NICE TRY – belessai : ode à l’art spontané

(Crédit illustration): Sophie Latouche

Donner carte blanche à des créateurs et des interprètes locaux, le tout dans une contrainte de temps impressionnante: voilà le concept de NICE TRY – belessai, un événement artistique périodique présenté à l’Usine C.

Dans le cadre des festivités entourant la Nuit blanche de Montréal avait lieu la première mouture de NICE TRY en 2019. Empruntant la thématique de la soirée – le futur – un groupe de comédiens, de danseurs, de metteurs en scène et de chorégraphes avaient 48 heures pour créer cinq courtes pièces.

« C’est rare qu’on puisse se permettre de se bloquer deux jours pour jouer, proposer et rencontrer des gens qui sont sur les stéroïdes, artistiquement », dit avec reconnaissance l’interprète Zoé Lajeunesse-Guy, qui avait participé à la dernière édition, juste avant Noël.

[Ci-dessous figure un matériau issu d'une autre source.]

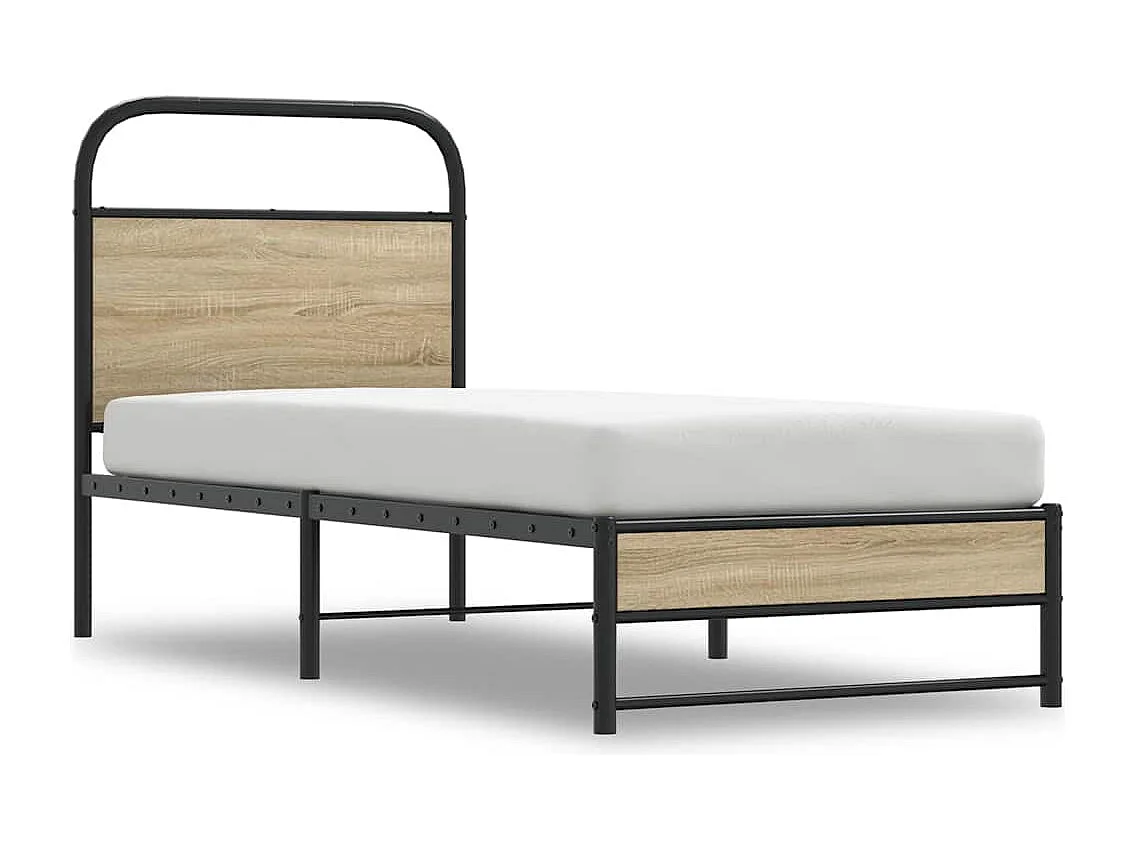 Letto per adulti | Letto singolo | Giroletto senza Materasso Rovere Fumo 75x190 cm in Truciolato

Le résultat, complètement éclectique, laisse le public et les créateurs s’éclater dans un spectacle varié et convivial.  « Ça permet aux gens de tester de nouvelles choses en n’ayant pas peur de se planter », ajoute Coralie Léveillé, l’une des coorganisatrices et directrices artistiques de l’événement. Alexa-Jeanne Dubé et Marie-Philipp Lamarche et leur compagnie, À DEUX, s’occupent aussi de l’initiative. Le facteur du hasard est aussi non-négligeable dans la préparation créative, alors que les contraintes des différents segments sont attribuées aléatoirement.

L’on assure aussi un roulement des effectifs entre les éditions, tant chez les metteurs en scène que chez les interprètes. Pour celle-ci, NICE TRY pouvait notamment compter sur la dramaturge réputée Annick Lefebvre, qui a récemment présenté la pièce ColoniséEs au Centre du Théâtre d’Aujourd’hui. Le tout avait d’ailleurs été l’objet d’une critique de Laurence Proulx, plus tôt cette année, dans Le Culte.

Un autre aspect qui crée l’unicité de ces représentations est leur inclusivité: non seulement leur auditoire type est de tout âge, mais l’entrée est gratuite pour la plupart des occasions. Les artistes n’ont toutefois pas la garantie d’être rémunérés à chaque édition pour le moment. « On va faire les démarches pour être subventionnés, parce qu’il y a clairement un engouement », confirme Coralie Léveillé. Elle n’a pas tort: plus de 400 personnes s’étaient déplacées à l’Usine C le 1er décembre dernier.

Le produit culturel en tant que tel est hautement influencé par les contraintes de temps, de moyens et d’éphémérité. « Les créateurs peuvent se ramener vers la base, le côté davantage humain de l’art », ajoute-t-elle. En tant qu’interprète, Zoé Lajeunesse-Guy a vécu une expérience assez révélatrice: « Ça embrasse l’idée que ça doit être unique, qu’on ne peut pas vraiment réfléchir ». La spontanéité de l’exercice procure même un « sentiment concret d’adrénaline », selon la comédienne.

NICE TRY a le don, le temps d’un soir, de démanteler certaines traditions et coutumes qui peuvent décourager un certain public à faire une sortie au théâtre. Tout au long de la soirée de la Nuit blanche, un bar était à la disposition de l’assistance, une tatoueuse offrait ses services pour 40$ et une lectrice de tarot était présente à l’extérieur de la salle. L’ambiance décontractée n’affecte toutefois pas la qualité du contenu artistique. Chacun des segments apportait son lot de réflexions et proposait une vision épurée et rafraîchissante du sixième art.

La prochaine mouture de NICE TRY – belessai aura lieu au lancement de la saison 2019-2020 de l’Usine C, en août prochain.